Dubbed Tensor, Google first talked about it earlier this summer. It’s what powers all of the on-device AI smarts of the phone. It’s basically Google’s own AI/ML accelerator, coupled with relatively off-the-shelf Arm CPU and GPU cores, as well as Google’s new Titan 2 security core.
Google promises that Tensor will offer up to 80% faster performance than the chips that powered the Pixel 5, which, to be fair, was more of a mid-range phone but still feels perfectly smooth in everyday use. Leaked benchmarks ahead of today’s launch put it on par with modern Snapdragon mobile chips from Qualcomm — but those don’t include Google’s own AI/ML cores, and the role these specialized cores play in making the Pixel 6 cameras and their complex computational photography feel snappy can’t really be captured in a standard benchmark.
What we do know from these early leaks, though, is that Tensor is powered by two Arm Cortex-X1 chips, Arm’s flagship performance-oriented mobile designs. In comparison, the Snapdragon 888 only features one of those. As usual in modern SoCs, there are also some lower-performance, battery-saving cores. Rumor has it, these are a mix of older A76-based cores and the more recent ultra-efficient A55 ones (all of which help to get the Pixel 6 to a promised 24-hour battery life). Google itself has remained perfectly quiet about those details, which makes sense, given that the company wants to put the full focus on the system’s AI capabilities.
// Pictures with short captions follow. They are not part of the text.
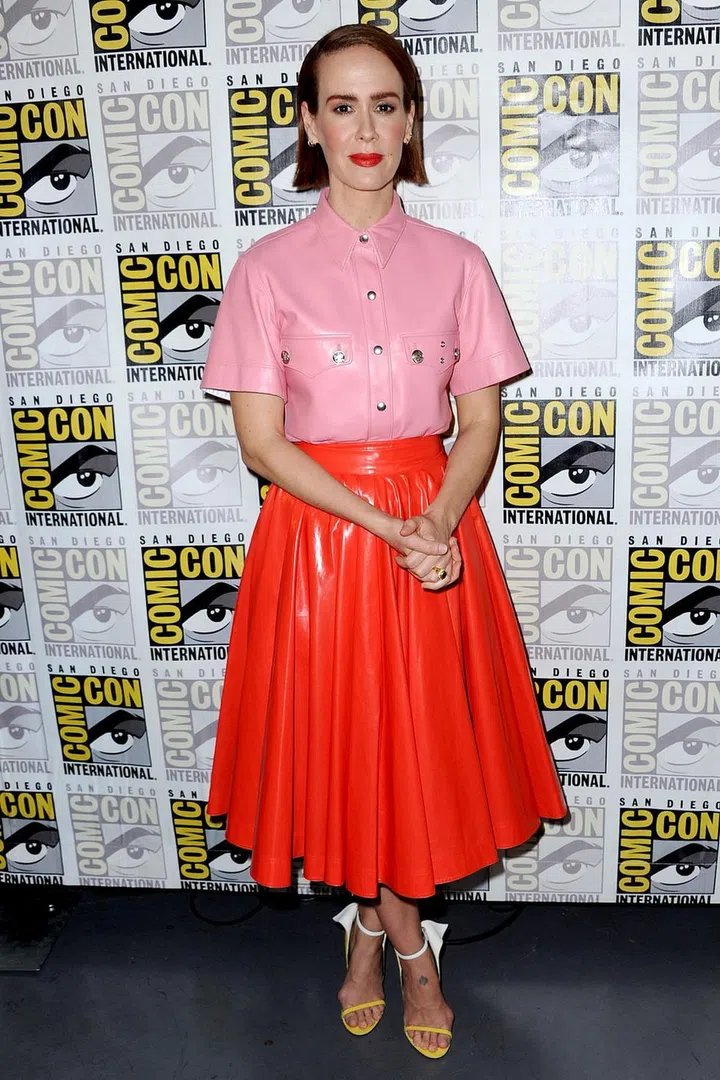 Sarah Paulson mixed red and pink hues.
Photo: Getty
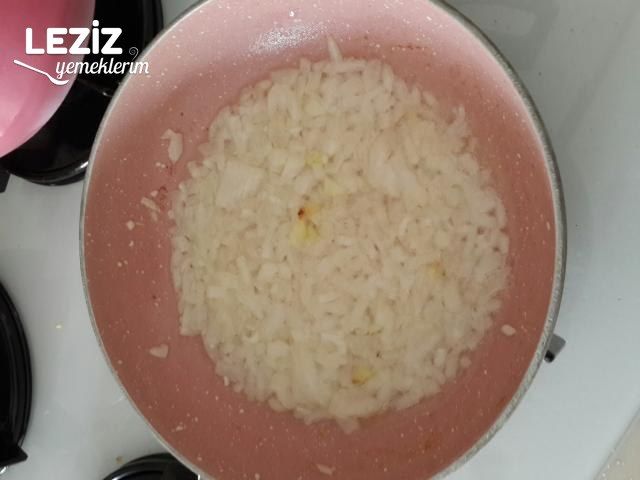 Kıymalı Soslu Gül Böreği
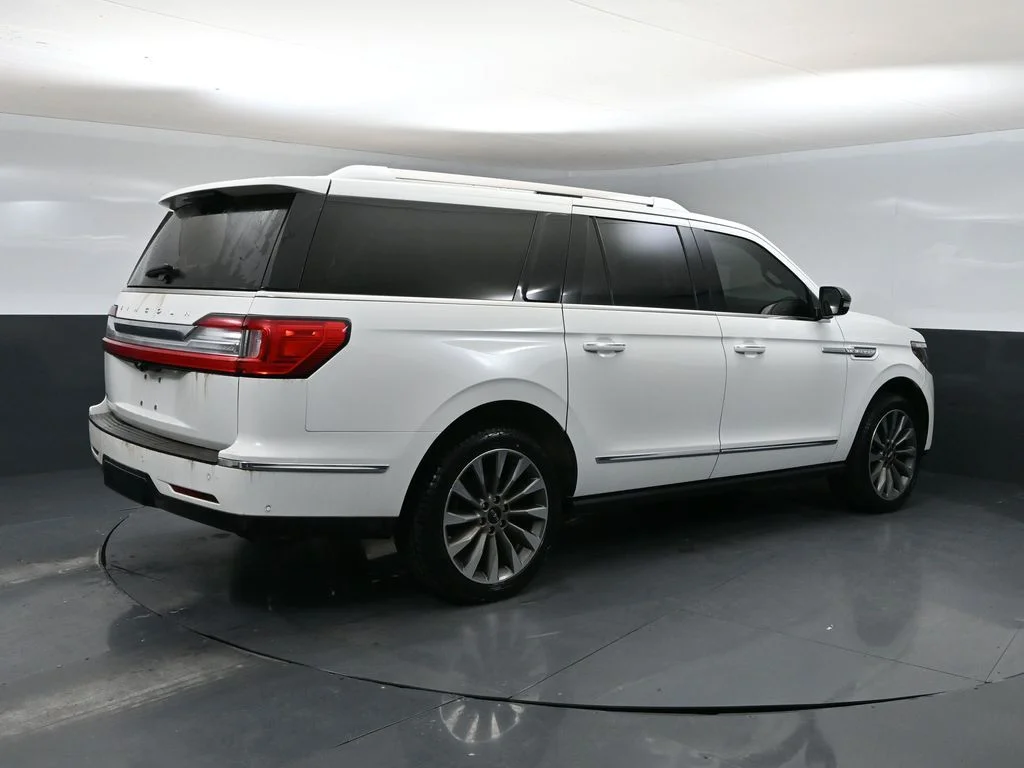 Used 2020 White Lincoln Reserve image 2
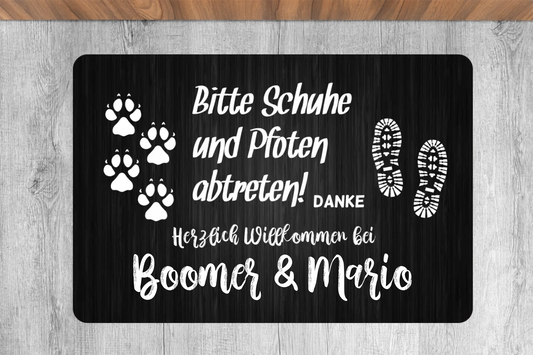 simple-mockup-of-a-doormat-outside-a-home-m19109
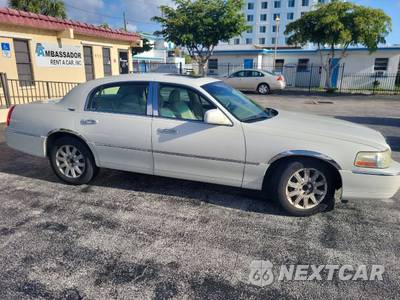 2006 Lincoln Town Car Signature Limited - zdjęcie 4 z 50 - miniatura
The chip also features a low-power AI “Context Hub” that powers some of the always-on machine-learning features on the phone.
And indeed, throughout today’s announcement, Google’s Rick Osterloh stressed these AI experiences, ranging from live translations to the phone’s photo and video capabilities.
“With Google Tensor, we’re unlocking amazing new experiences that require state of the art ML — including Motion Mode, Face Unblur, Speech enhancement mode for videos and applying HDRnet to videos,” Google’s senior director for Google Silicon, Monika Gupta, writes in today’s announcement. “Google Tensor allows us to push the limits of helpfulness in a smartphone, taking it from a one-size-fits-all piece of hardware into a device that’s intelligent enough to respect and accommodate the different ways we use our phones.”
In today’s event, she also noted that the chip has been in the works for the last few years. She noted that all of the design choices the team made were based on making those AI features work best.